Wrist fractures are the most commonly broken bones in the arm. Fractures of the wrist may involve several different bones including the radius and ulna — the two bones of the forearm — as well as the scaphoid, lunate and triquetrum — three smaller carpal bones in the hand.
The most common wrist fracture is a distal radius fracture, when the radius (the larger bone in the forearm) is fractured on the distal end, near the wrist. This often occurs when a child falls on an outstretched hand that is extended backward.
The type of wrist fracture you child sustains will determine its severity, recommended treatment, and how long it will take your child to recover.
Fractures may be described in several different ways:
- Simple fracture (sometimes called a closed fracture): A bone breaks into two pieces but does not break the skin or damage surrounding tissue.
- Complex fracture (also called a compound or open fracture): A bone is broken into several fragments, soft tissues are damaged, and at least part of the bone protrudes through the skin.
- Complete fracture (sometimes called a displaced fracture): A bone is separated into two or more pieces.
- Partial fracture (also called a nondisplaced fracture): A bone is cracked but not broken in two, such as a hairline fracture.
- Intra-articular fracture: A fracture that crosses the surface of a joint and results in some cartilage damage.
- Extra-articular fracture: A fracture that does not extend into the joint.
- Physeal fracture: Childhood fracture that involves the growth plate of a bone.
Complex, displaced and intra-articular fractures near the wrist can be more challenging to treat and require specialized expertise from experienced physicians.
The most common cause of a broken wrist is to fall onto an outstretched arm or to get hit on the wrist.

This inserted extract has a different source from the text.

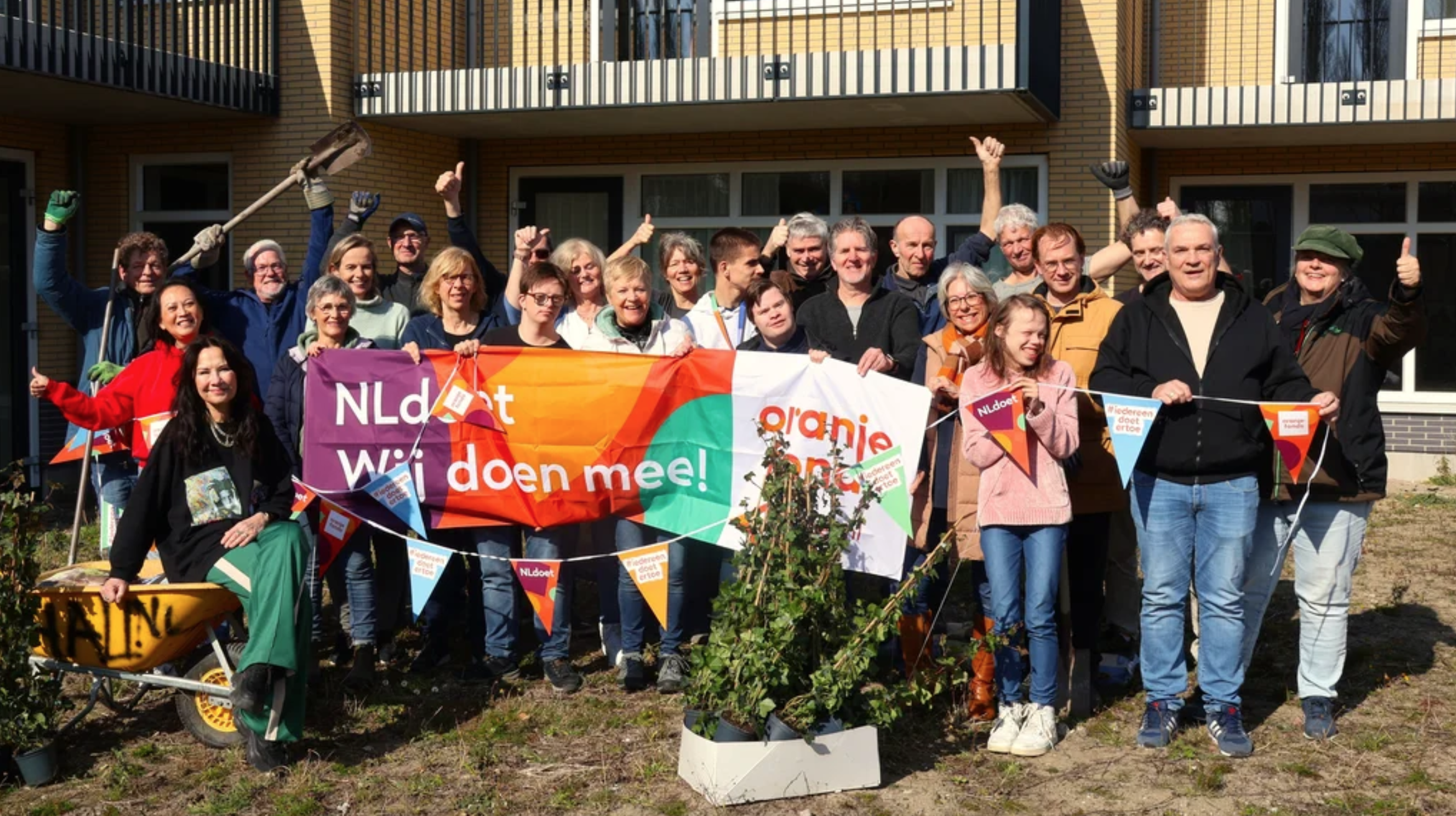 Our House wordt het thuis van de toekomst voor jongeren met verstandelijke beperking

Broken wrists are also common for children who play contact sports, ski, bike and use inline skates.
Symptoms of a distal radius fracture may include:
- Immediate pain
- Swelling and bruising
- Warmth and redness near the affected area
- Misshapen or crooked appearance, or abnormal position of the hand and wrist
- Difficulty moving the wrist and hand
At Children’s Hospital of Philadelphia (CHOP), diagnosing a distal radius fracture typically begins with a physical examination of your child’s wrist, arm and hand.
In most cases, clinicians will recommend X-rays of your child’s wrist to confirm the diagnosis. X-rays produce images of bones and help doctors identify the type of fracture and extent of your child’s injury.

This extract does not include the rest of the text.